その結果、1ヵ月後のpHは5.5と変わりませんでしたが、45日目にpHがようやく7.0に変わりました。ヒトの血液のpHが7.4ですから、これはたいへん良い値です。

まとめ
食品のpHについて誤解が多いようなので、次にまとめます。
・食品に含まれるミネラル成分のうち、カルシウム、カリウム、マグネシウムなどはアルカリ性を示します。アルカリ性ミネラルは大豆、海藻、野菜、果物、きのこに多く含まれます。
・ミネラルのうち、硫黄、塩素、リンなどは酸性を示します。これらは肉類、魚、穀類に多く含まれます。
・おしっこのpHによって、その人の食事の傾向がわかります。ただし、体内に貯蔵されているミネラルは大量なので、個々の食品によって影響を受けることはなく、改善には1ヶ月以上の時間がかかります。
・ミネラル成分の偏りを廃するのが目的なので、体液の酸性を中和する食品とか、野菜不足をアルカリ性食品で補うとする考えは間違いです。たとえば、黒酢に含まれるミネラル分は野菜などよりもごく少ないので中和することもできません。
・アルカリ性だから良いのではなく、良い栄養成分の食品にアルカリ性のものが多いということです。
・肉類の摂取を少なくし野菜を多く食べて、おしっこのpHをできるだけアルカリ性(pH7.4)にすることは意味のあることです。
・食塩はアルカリ性を示します。したがって、梅干や漬物もアルカリ性食品です。おしっこのアルカリ性を測るときは、梅干など食塩の多い食品を除いて測定する必要があります。

注:アルカリ度とは
アルカリ性食品100gを燃やして、その灰分を水に溶かします。次に酸性液を徐々に加えていって、中和するのに要する酸性液の量でアルカリ度を表します。アルカリ度の高い食品はアルカリ性ミネラルの含有量が多いと言えます。アルカリ性ミネラルの多い食品は昆布、インゲン、しいたけ、ほうれん草、大豆、バナナ、里芋などです。

注:酸性度とは
酸性食品100gを燃やして灰分を水に溶かし、中和するのに要するアルカリ液の量で酸性度を表します。酸性のミネラルが多く含まれる食品は、鶏肉、卵黄、まぐろ、たこ、玄米などです。

通風のための食事
近頃、通風の食事療法にアルカリ度を調べると良いと説明するサイトが見られます。なるほど、上の食品表を見ると、酸性食品にプリン体が多く、アルカリ食品にプリン体が少ない傾向が見られるので、良い方法かもしれません。
ただし、食品のアルカリ度には1つの大きな欠点があります。それは、食塩が強いアルカリ性を示すことで、プリン体の多い食品でも塩分と一緒に摂ると中和されてしまうことです。したがって、食事のアルカリ度を調べるのであれば、食塩の摂取を極力減らした上でなければなりません。

(転載終了)

この方は尿のPHが食品により変化していく事を確認されています。
尿のPHが食品により左右されるのであれば、唾液も変化するであろうとという仮説が一歩真実に近づいたように思います。それは今後検証してみる価値が有りそうです。
いずれにしろ今の所は仮説の域を出ませんが、それでも今後の本当の意味での虫歯予防の鍵は食生活に有るのだと思います。
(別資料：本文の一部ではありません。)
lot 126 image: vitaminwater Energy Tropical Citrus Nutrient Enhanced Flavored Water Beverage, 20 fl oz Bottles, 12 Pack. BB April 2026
残念ながら歯医者は虫歯を治すことなんて出来ないのです。いくら削って詰めたって、真の原因は食生活に有るのですから、しかもその詰め物にフッ素(地球上で6番目に指定される毒物)やBPA入りのレジン(ビスフェノールAという環境ホルモン:過去記事に書いたけど、子供の知能の低下にも関係していると言われています。)で虫歯で穴が開いたから、それを詰めるというのは事の本質を見失っているのでは?と思います。
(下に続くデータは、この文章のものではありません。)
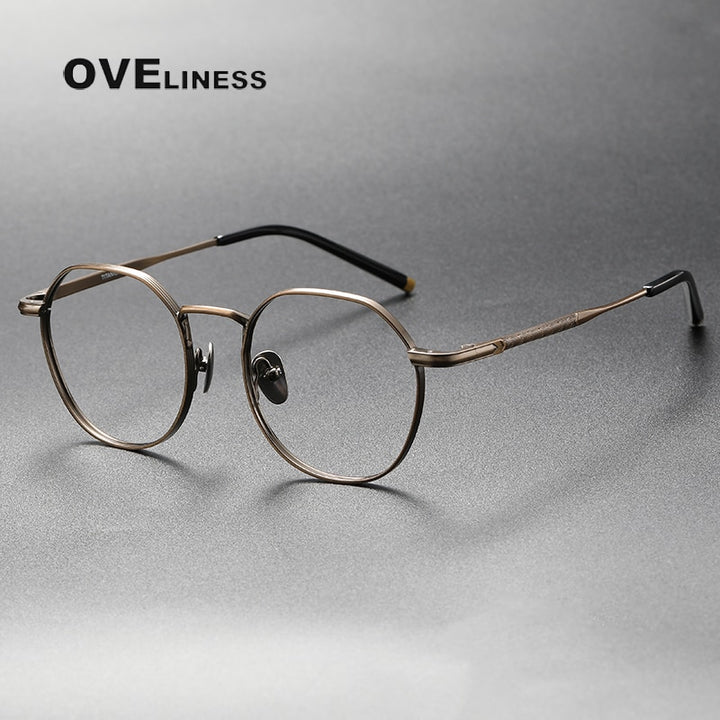 Oveliness Unisex Full Rim Round Square Titanium Eyeglasses Mira Full Rim Oveliness bronze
それで今回の記事のまとめです。ちょっと荒っぽいですが、結論をあえて出してしまうと、

虫歯予防に良い食習慣:野菜や果物中心の菜食
という事です。この記事は為清 勝彦さんが翻訳された8:1:1フルータリアンダイエット(ダグラス・N・ダグラス)の原稿からヒントを得ています。今後本が出版されるかもしれないので、本が出版されたら詳しくはそちらをお読みくださいね。料理嫌いのママには朗報だと思います!